# Nothing like fresh powder



## XxChevy-HDxX (Jul 15, 2010)

Down here in Weymouth Mass passed a little storm 4 or 5 inches of snow.........payuppayup


----------



## XxChevy-HDxX (Jul 15, 2010)

More pics to come......


----------



## XxChevy-HDxX (Jul 15, 2010)

Last ones......Thumbs Up


----------



## fordsup04 (Dec 31, 2009)

Looks good. we got a dusting out of the storm yesterday but on tuesday we are supposed to get hammered


----------



## XxChevy-HDxX (Jul 15, 2010)

yeah we are.....Thanks


----------



## ken643 (Mar 27, 2009)

Nice Pics, Nice truck. I have a 2003 2500 HD D-max, No plow its a crew cab 8 foot bed, to dam big for driveways


----------



## 496 BB (Feb 11, 2010)

In the 3rd to last pic is that snow stacked on the sidewalks?


----------



## STIHL GUY (Sep 22, 2009)

you truck handles that plow pretty well...did you do anything to the front end??


----------



## XxChevy-HDxX (Jul 15, 2010)

STIHL GUY;1189285 said:


> you truck handles that plow pretty well...did you do anything to the front end??

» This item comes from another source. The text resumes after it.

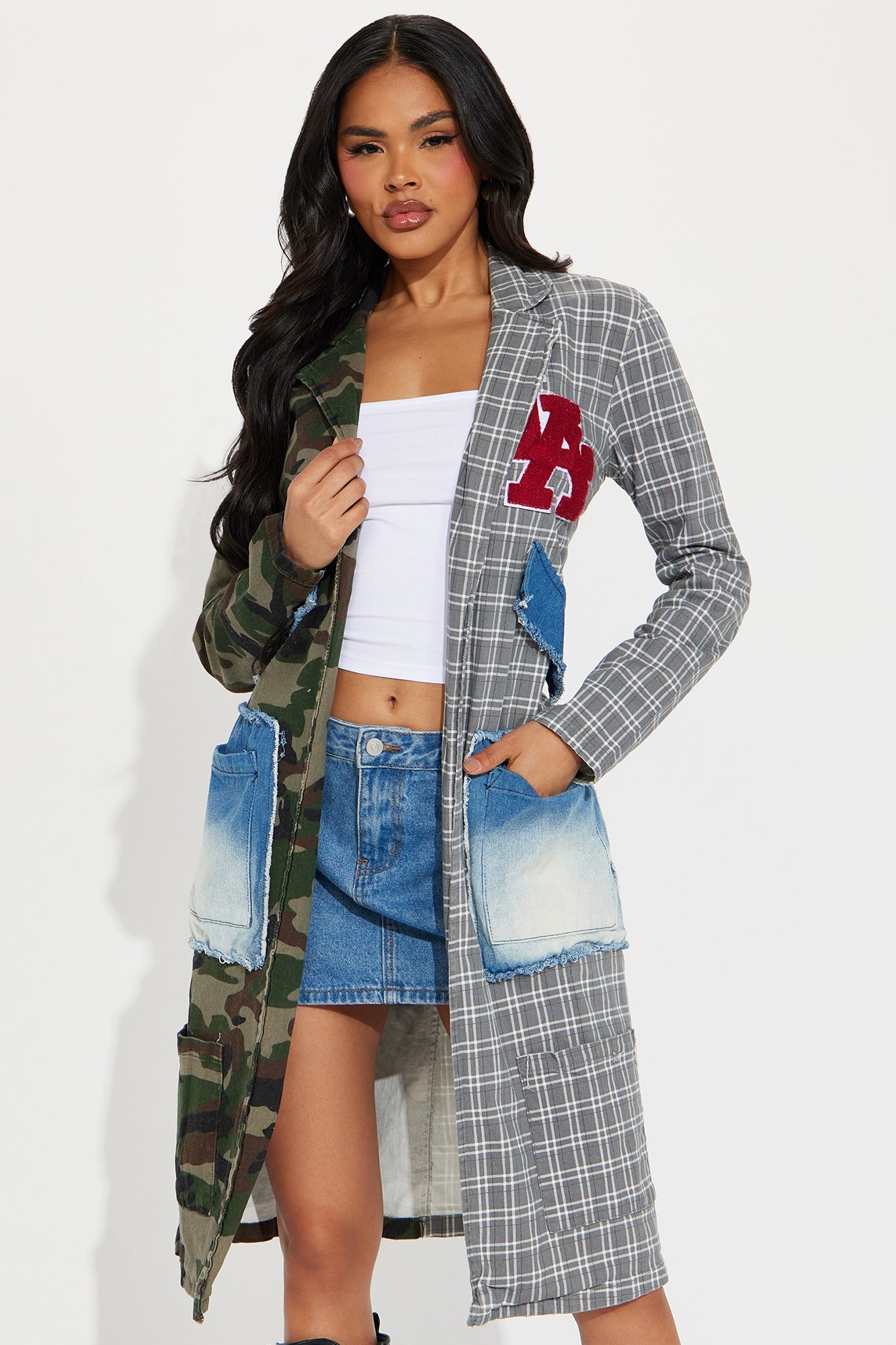 All Patched Up Long Blazer - Olive/combo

Nope nothing at all just 500lbs of ballast thats required and thts it... I dont know why everyone put timbren and leveling kit my truck is completely leveled and never did anything to it


----------



## XxChevy-HDxX (Jul 15, 2010)

496 BB;1189282 said:


> In the 3rd to last pic is that snow stacked on the sidewalks?

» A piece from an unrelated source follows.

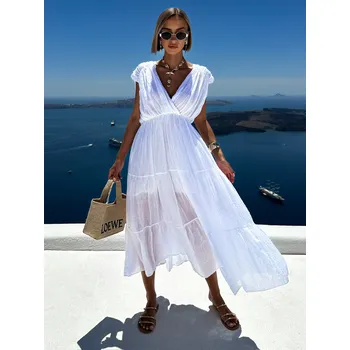 Dámské šaty Bílé bavlněné dlouhé letní šaty MARISE Velikost: ONESIZE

Thats just from when the store owners that sometimes pile the snow on the corner there but its ok


----------



## STIHL GUY (Sep 22, 2009)

XxChevy-HDxX;1189347 said:


> Nope nothing at all just 500lbs of ballast thats required and thts it... I dont know why everyone put timbren and leveling kit my truck is completely leveled and never did anything to it


hmmm i have a reg cab 2500HD with an 8' fisher MM1 it sags pretty good with 450lbs ballast


----------



## Morrissey snow removal (Sep 30, 2006)

wish that snow was up here like it was suposed to good pics


----------



## f250man (Jan 28, 2005)

Nice looking truck and plow and the lot look great


----------



## swtiih (Nov 30, 2008)

been 2 weeks since last plowable snow here. nice pictures


----------



## XxChevy-HDxX (Jul 15, 2010)

STIHL GUY;1189389 said:


> hmmm i have a reg cab 2500HD with an 8' fisher MM1 it sags pretty good with 450lbs ballast


its not enough i guess try 600 LBS


----------